Il computer e la televisione hanno generato la spazializzazione del tempo, la contemporaneità, la simultaneità, la creazione dei simulacri, immagini di qualcosa che non esiste, immagini incessantemente ripetute o seriali che condizionano i nostri sensi sino a ridurre il reale ad immagine.
In questo mondo fittizio, irreale, i mass-media, trasformando la nostra maniera di percepire le cose, inducono i nostri pensieri ad essere simulacri d’idee aventi esse stesse dubbia veridicità così che, nell’urgente necessità di appartenere, deformando il nostro corpo, ci appropriamo di corpi che non ci appartengono, oggetti, merci, feticci.
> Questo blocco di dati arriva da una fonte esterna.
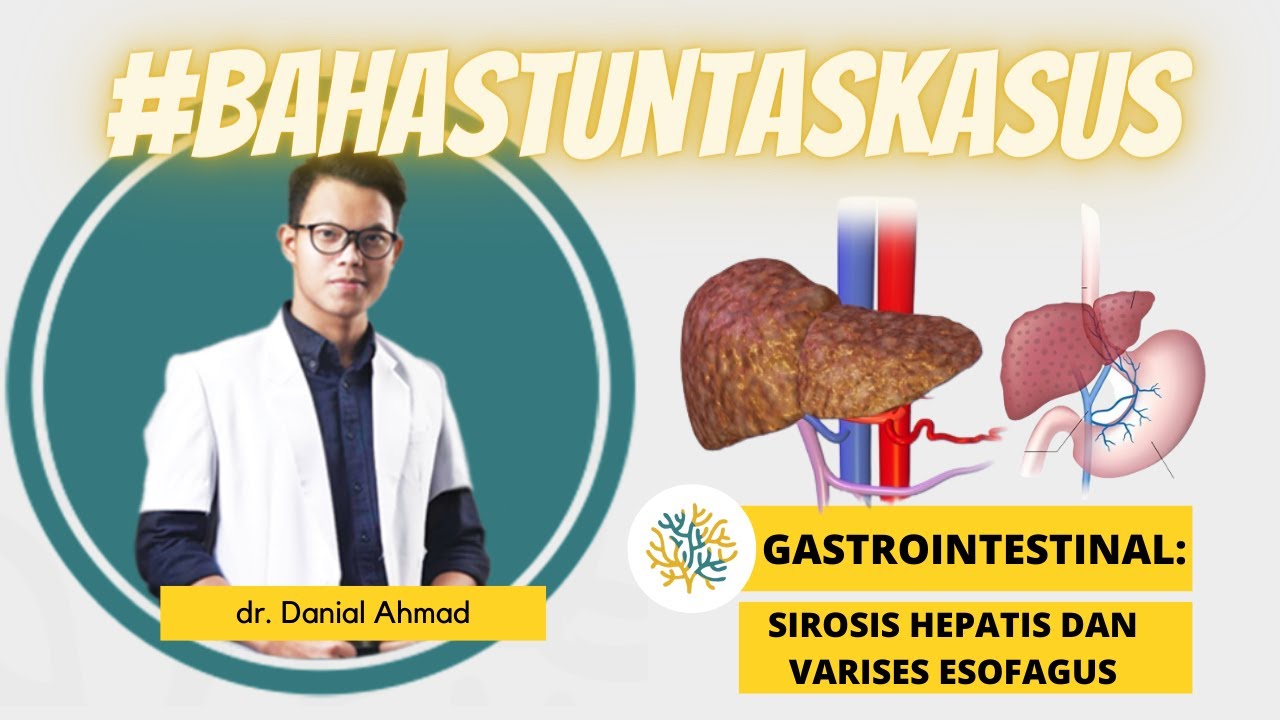 SINAPINTAR #16 | Gastrointestinal : Sirosis Hepatis dan Varises Esofagus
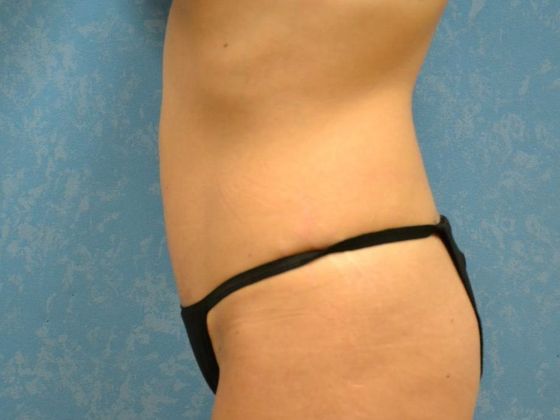 Tummy Tuck: Case 1677- Sylvania, OH - After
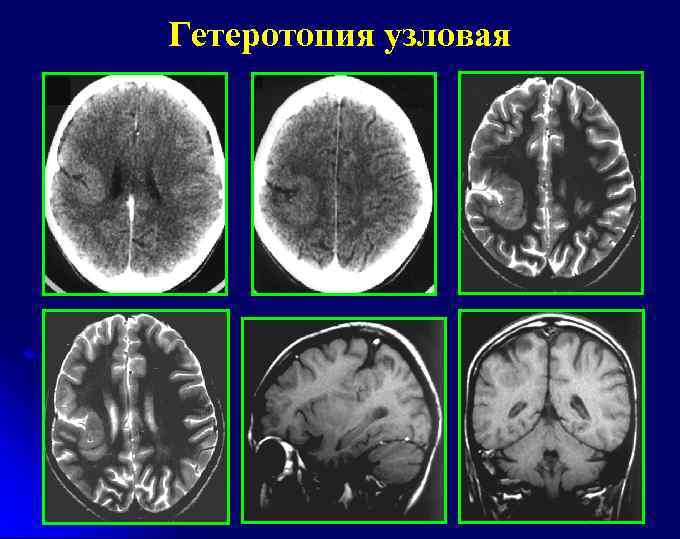 Гетеротопия узловая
Come si colloca l’arte contemporanea in un simile contesto? Di certo non è più possibile banalizzare o minimizzare il fatto che, attraverso la verità della finzione mediatica, la realtà virtuale rischia di divenire l’unica realtà reale della nostra epoca post-moderna, l’epoca dei simulacri. È in questo contesto che l’ambiente artistico, condizionato dal mercato dell’arte, produce feticci pur negando intimamente l’esistenza e la possibilità dell’arte. Legittimando la produzione di feticci nel sostenere la necessità dell’arte per l’arte, da cui trae grossi profitti e la sua ragione di essere.
In che modo uscire da questa condizione d’inerzia, dal frequente impoverimento e dalla passività della coscienza? Credo che solo riconoscendo l’autenticità di quei corpi la cui apparenza "estetica" e dimensione tecnico-costruttiva li fa esistere come un "qualcosa" e non simulacro di se stessi, sia possibile risolvere il nodo problematico essenziale del rapporto tra ‘mimesis’ e costruzione, tra immediatezza e artificio, superando la condizione di feticcio. Solo riappropriandosi del nostro corpo autentico sarà possibile riappropriarsi dei corpi dell’arte. Henri Bergson scriveva "La maggior parte del nostro tempo lo viviamo all’esterno di noi stessi. La nostra esistenza si svolge nello spazio piuttosto che nel tempo; viviamo per il mondo esteriore piuttosto che per noi; siamo agiti piuttosto che agire noi stessi" (…).
In questo universo in perenne movimento, dove la realtà va ridisegnata e reinterpretata di continuo, certe riflessioni si proiettano nel tempo.